The speaker’s stop in South Korea, however, follows her highly-publicized visit to Taiwan earlier in the week, which Chinese Communist Party (CCP) leaders used as a pretext to launch an aggressive and retaliatory series of economic, cyber, and military operations.
The most escalatory action thus far, however, was the CCP’s decision to launch several missiles over Taiwan and into Japan’s exclusive economic zone (EEZ), an area 200 nautical miles (230 miles) from the country’s coast.
“To have five Chinese missiles fall within Japan’s EEZ like this is a first,” said Japanese defense minister Nobuo Kishi.
“We have protested strongly through diplomatic channels.”
The CCP maintains a so-called One China principle, which states that Taiwan is a breakaway province that must be reunited with the mainland.

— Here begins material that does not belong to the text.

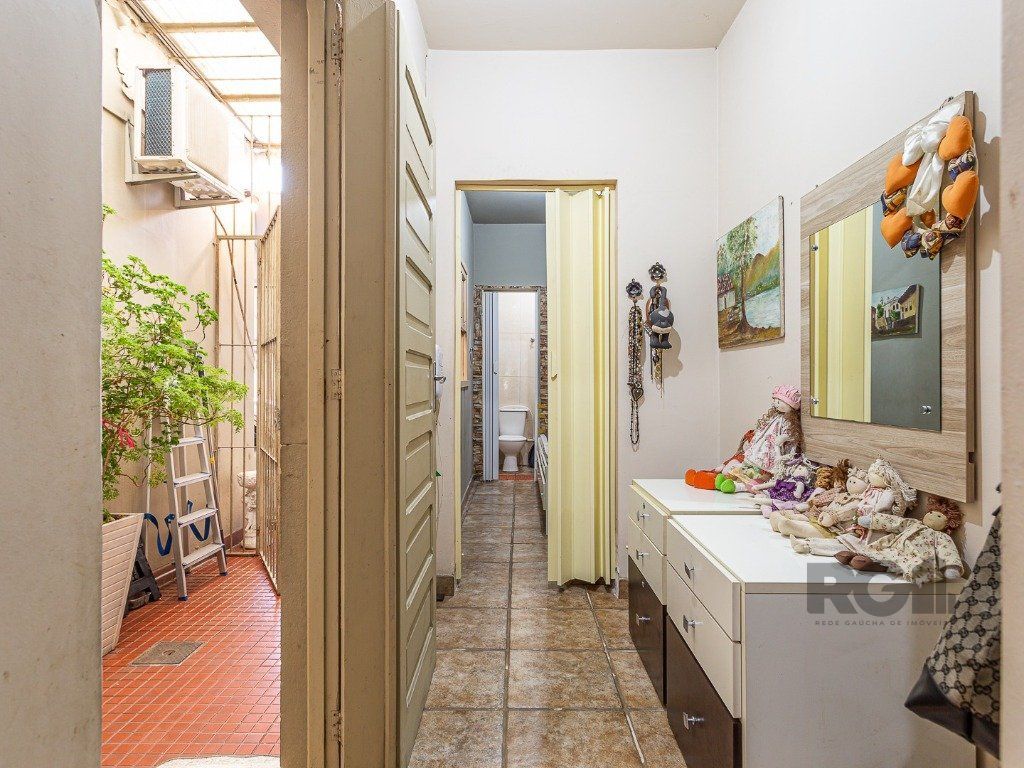 Casa à venda com 3 quartos, 157m² - Foto 14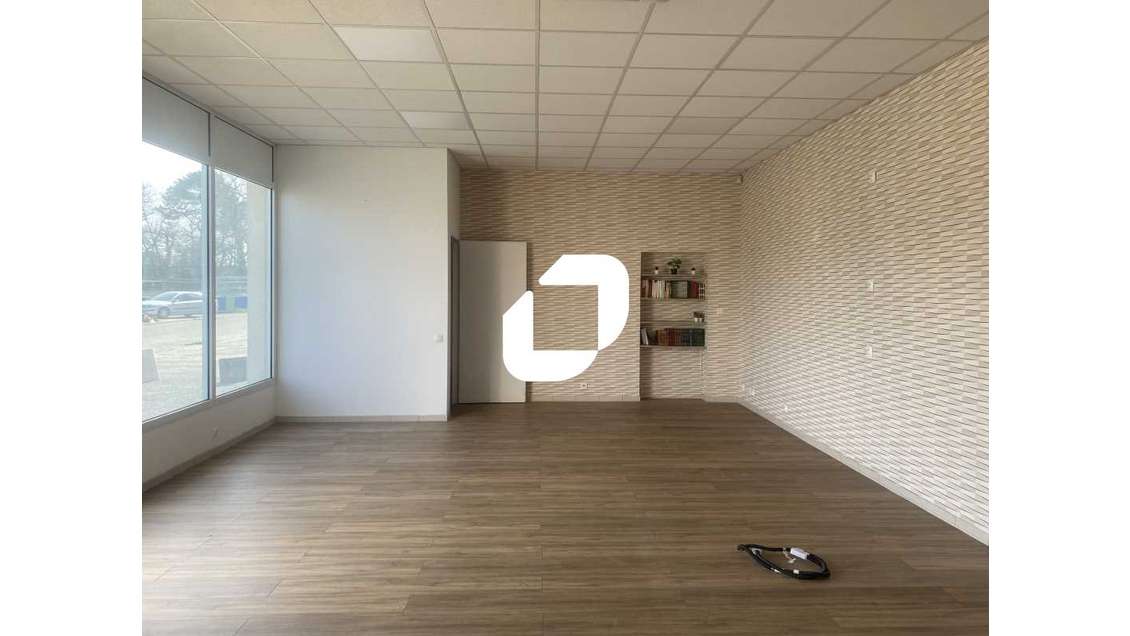 A louer Local commercial 77m² Pessac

The regime hasn’t ruled out the use of force to achieve this goal. Taiwan has been self-governing since 1949 and has never been controlled by the CCP, however. And Taiwan’s democratic government and thriving market economy ensure that it maintains healthy trade relations with many global powers.
U.S. relations with Taiwan and China are governed by a series of treaties and diplomatic cables stretching back to the 1970s. Notably, the United States adheres to a One China policy, which provides an acknowledgment, but not endorsement, of the CCP’s One China principle. The policy also mandates extensive unofficial ties with Taiwan. The Taiwan Relations Act of 1979 further mandates that the United States will provide the arms to Taiwan necessary for its self-defense.
At the heart of the ongoing tensions between the CCP and the United States is their long-standing agreement that neither side will attempt to unilaterally change this status quo through force or coercion.
CCP authorities maintain that Pelosi’s visit was intended to unilaterally change that status quo, while U.S. officials say the same of China’s increased military and economic aggression in the region.
“Today the world faces a choice between democracy and autocracy,” Pelosi said in a short speech during a meeting with Taiwanese President Tsai Ing-wen on Wednesday. “America’s determination to preserve democracy, here in Taiwan and around the world, remains ironclad.”
“Our visit reiterates that America stands with Taiwan: a robust, vibrant democracy and our important partner in the Indo-Pacific,” Pelosi added in a tweet following the trip.
Taiwan’s Defense Ministry called the Chinese drills “unreasonable actions in an attempt to change the status quo, destroy the peace and stability of the region.”